■ **RECORDS FOR THIS EXERCISE**:
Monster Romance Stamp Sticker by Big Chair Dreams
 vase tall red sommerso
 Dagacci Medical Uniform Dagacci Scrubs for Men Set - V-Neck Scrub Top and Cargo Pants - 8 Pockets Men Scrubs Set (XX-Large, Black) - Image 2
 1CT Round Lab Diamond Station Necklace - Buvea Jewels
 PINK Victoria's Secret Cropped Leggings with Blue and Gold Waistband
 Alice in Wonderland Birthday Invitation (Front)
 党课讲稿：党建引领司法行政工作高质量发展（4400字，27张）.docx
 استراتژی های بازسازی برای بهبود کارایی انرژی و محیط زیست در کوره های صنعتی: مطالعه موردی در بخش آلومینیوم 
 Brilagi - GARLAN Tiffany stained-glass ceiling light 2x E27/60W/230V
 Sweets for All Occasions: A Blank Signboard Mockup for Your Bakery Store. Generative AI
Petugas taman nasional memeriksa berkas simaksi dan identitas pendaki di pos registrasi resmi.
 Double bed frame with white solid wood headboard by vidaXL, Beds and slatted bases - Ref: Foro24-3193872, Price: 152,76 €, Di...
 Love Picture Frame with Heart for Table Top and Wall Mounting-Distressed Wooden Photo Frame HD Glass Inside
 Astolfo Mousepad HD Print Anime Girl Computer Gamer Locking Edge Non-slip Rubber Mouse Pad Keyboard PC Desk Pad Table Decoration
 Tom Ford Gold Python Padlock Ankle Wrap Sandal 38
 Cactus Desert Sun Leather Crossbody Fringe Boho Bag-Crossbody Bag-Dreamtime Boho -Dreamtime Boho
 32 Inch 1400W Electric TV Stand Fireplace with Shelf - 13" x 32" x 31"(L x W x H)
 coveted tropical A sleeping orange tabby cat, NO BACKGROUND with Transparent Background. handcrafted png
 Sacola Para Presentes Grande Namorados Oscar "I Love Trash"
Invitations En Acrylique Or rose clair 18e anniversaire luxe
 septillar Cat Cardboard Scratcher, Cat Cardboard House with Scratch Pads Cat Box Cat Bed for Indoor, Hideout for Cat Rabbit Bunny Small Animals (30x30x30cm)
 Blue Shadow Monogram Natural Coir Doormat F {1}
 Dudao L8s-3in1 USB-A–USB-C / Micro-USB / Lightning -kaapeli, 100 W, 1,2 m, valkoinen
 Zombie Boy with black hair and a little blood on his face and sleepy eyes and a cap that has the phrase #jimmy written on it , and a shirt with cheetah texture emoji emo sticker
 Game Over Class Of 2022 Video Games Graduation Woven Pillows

■ **WORK ITEM**: If a line in the data holds the string "Gold", copy that line.

■ **RESPONSE**:
 PINK Victoria's Secret Cropped Leggings with Blue and Gold Waistband
 Tom Ford Gold Python Padlock Ankle Wrap Sandal 38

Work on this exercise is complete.